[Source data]
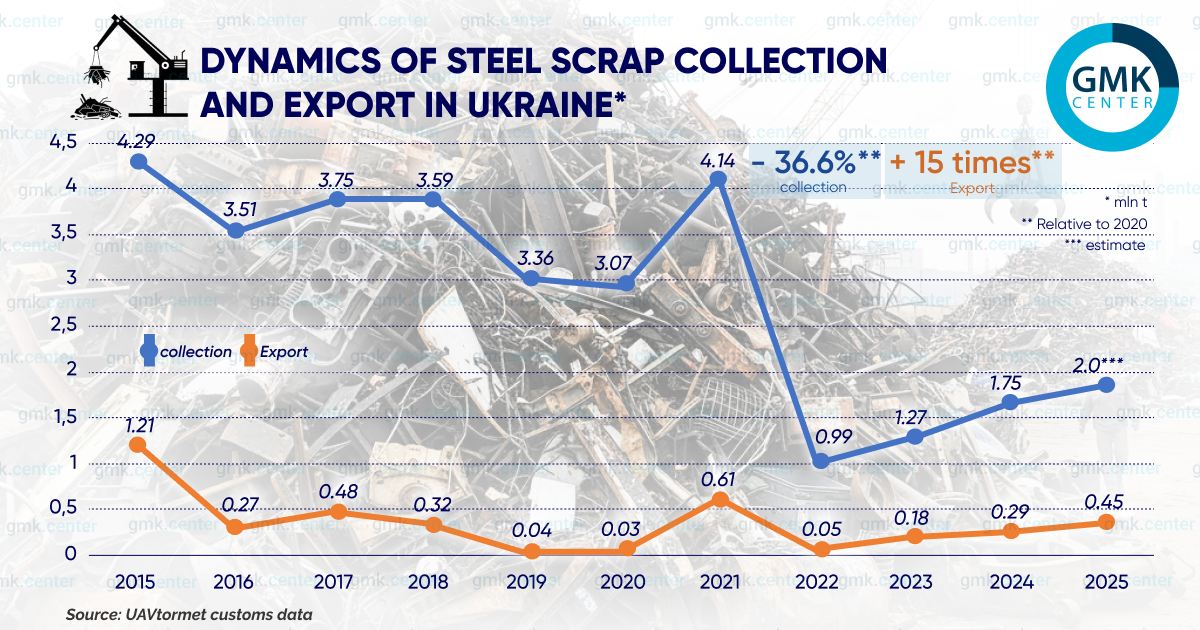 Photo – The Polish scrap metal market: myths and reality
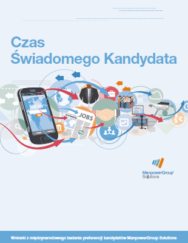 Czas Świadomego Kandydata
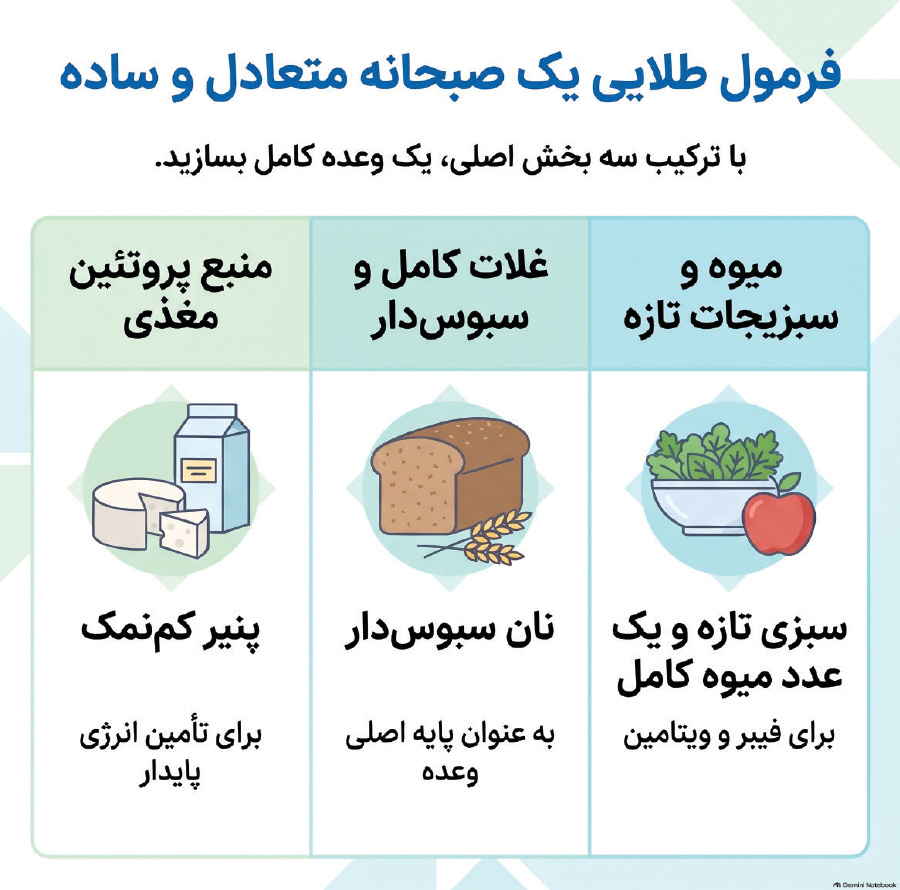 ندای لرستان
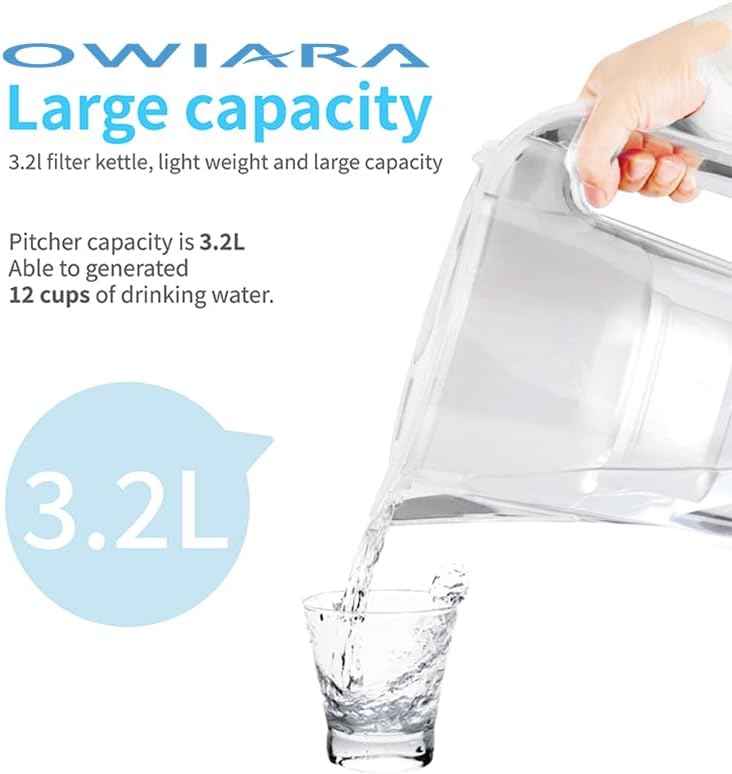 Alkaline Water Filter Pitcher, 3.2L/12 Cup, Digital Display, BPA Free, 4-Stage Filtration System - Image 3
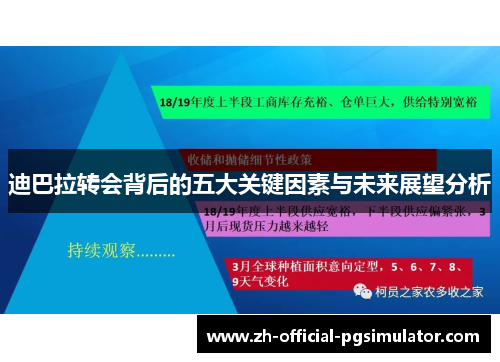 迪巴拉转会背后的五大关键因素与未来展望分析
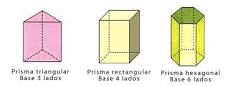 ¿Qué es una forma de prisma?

Work instructions
Skip the pictures and retype exactly the lines from the one that contains "迪巴拉转会背后的五大关键因素与未来展望分析" to the last line of the records.

Exercise response
 迪巴拉转会背后的五大关键因素与未来展望分析
 ¿Qué es una forma de prisma?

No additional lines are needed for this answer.